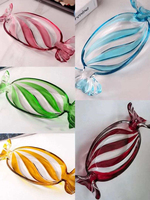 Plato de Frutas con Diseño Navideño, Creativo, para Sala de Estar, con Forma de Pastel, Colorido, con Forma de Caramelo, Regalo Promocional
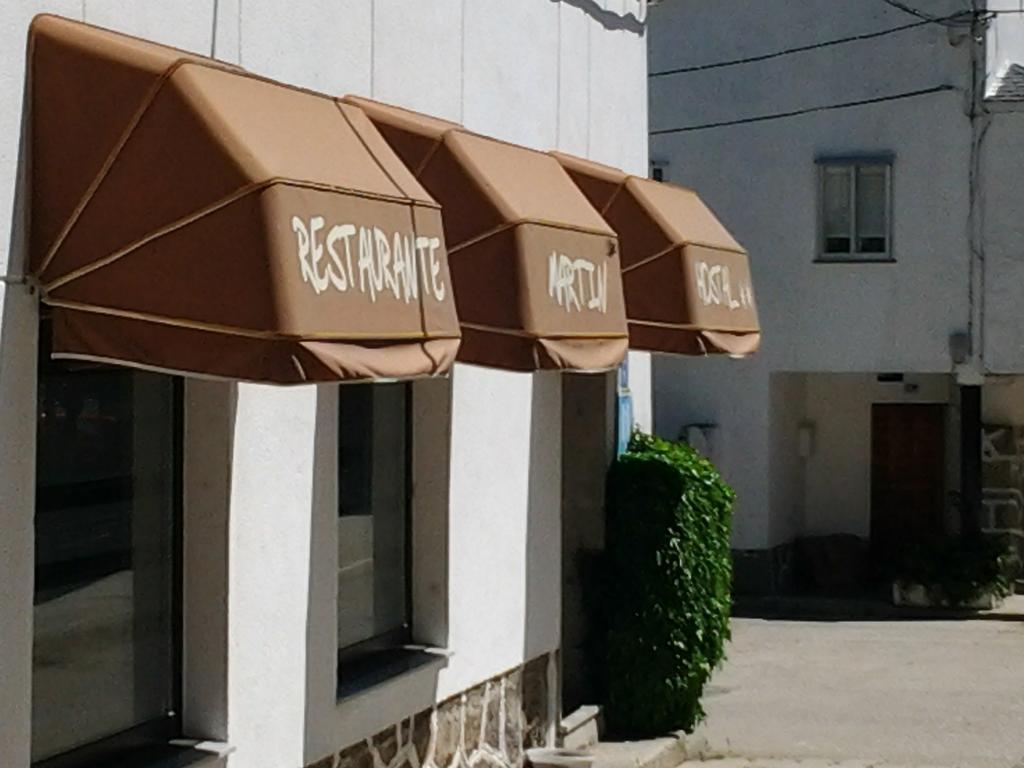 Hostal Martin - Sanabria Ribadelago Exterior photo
--
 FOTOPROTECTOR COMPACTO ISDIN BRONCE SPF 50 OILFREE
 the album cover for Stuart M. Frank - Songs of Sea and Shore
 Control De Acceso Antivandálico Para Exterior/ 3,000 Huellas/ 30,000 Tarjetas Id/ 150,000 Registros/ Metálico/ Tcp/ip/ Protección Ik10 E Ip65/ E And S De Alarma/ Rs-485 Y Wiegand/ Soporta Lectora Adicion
==
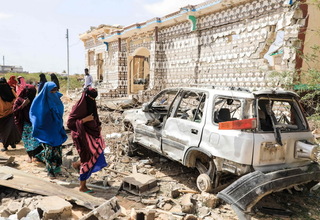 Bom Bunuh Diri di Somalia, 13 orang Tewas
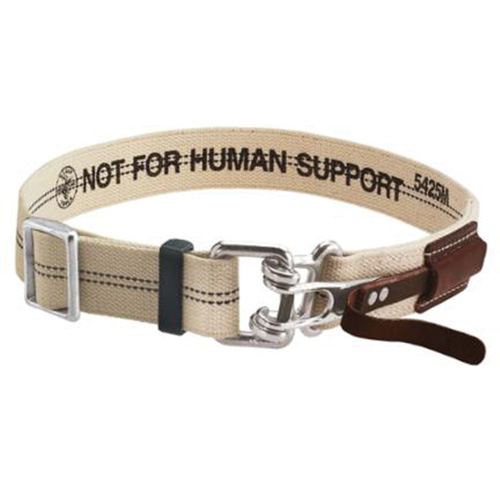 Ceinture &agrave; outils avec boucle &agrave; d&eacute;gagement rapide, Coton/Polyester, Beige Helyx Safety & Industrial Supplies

▸ **The problem**
In the entries above, find the line with "FOTOPROTECTOR COMPACTO ISDIN" and the line with "Control De Acceso", then restate word for word both of them and every line between, with nothing more.

▸ **Your response**
 FOTOPROTECTOR COMPACTO ISDIN BRONCE SPF 50 OILFREE
 the album cover for Stuart M. Frank - Songs of Sea and Shore
 Control De Acceso Antivandálico Para Exterior/ 3,000 Huellas/ 30,000 Tarjetas Id/ 150,000 Registros/ Metálico/ Tcp/ip/ Protección Ik10 E Ip65/ E And S De Alarma/ Rs-485 Y Wiegand/ Soporta Lectora Adicion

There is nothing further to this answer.